#### Prepared for Gabor's Data Analysis

### Data Analysis for Business, Economics, and Policy
by Gabor Bekes and  Gabor Kezdi
 
Cambridge University Press 2021

**[gabors-data-analysis.com ](https://gabors-data-analysis.com/)**

 License: Free to share, modify and use for educational purposes. 
 Not to be used for commercial purposes.

### CHAPTER 22
**CH22A How does a merger between airlines affect prices?**

 using the airline-tickets-usa dataset
 
 version 1.0 2021-05-05

In [2]:
import os
import sys
import warnings
from datetime import datetime as dt

import numpy as np
import pandas as pd
import statsmodels.formula.api as smf
from IPython.core.display import HTML
from mizani.formatters import percent_format
from mizani.formatters import date_format
from plotnine import *
from stargazer.stargazer import Stargazer

warnings.filterwarnings("ignore")


In [3]:
# Current script folder
current_path = os.getcwd()
dirname = current_path.split("da_case_studies")[0]

# location folders
data_in = dirname + "da_data_repo/airline-tickets-usa/clean/"
data_out = dirname + "da_case_studies/ch22-airline-merger-prices/"
output = dirname + "da_case_studies/ch22-airline-merger-prices/output/"

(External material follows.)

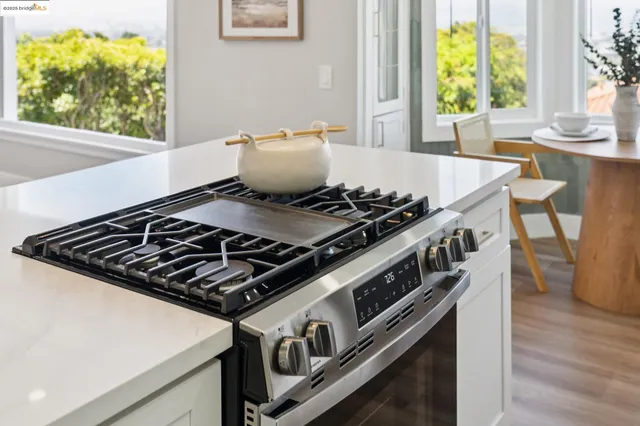 a bedroom with a large bed and a couch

func = dirname + "da_case_studies/ch00-tech-prep/"
sys.path.append(func)


In [4]:
# Import the prewritten helper functions
from py_helper_functions import *


# I.  Examining pre-treatment trends in avg ln price

workfile to identify treated and untreated markets

In [7]:
data_work = pd.read_pickle(data_out + "ch22-airline-workfile.pkl").loc[
    lambda x: (x["balanced"] == 1) & (x["year"] == 2011)
][["origin", "finaldest", "return", "treated", "smallmkt"]]


use year-quarter panel data and merge to it treated-untreated 

(keep matched ones; no unmatched from "using")

In [9]:
data = pd.read_stata(data_in + "originfinal-panel.dta")
data = pd.merge(data, data_work, on=["origin", "finaldest", "return"])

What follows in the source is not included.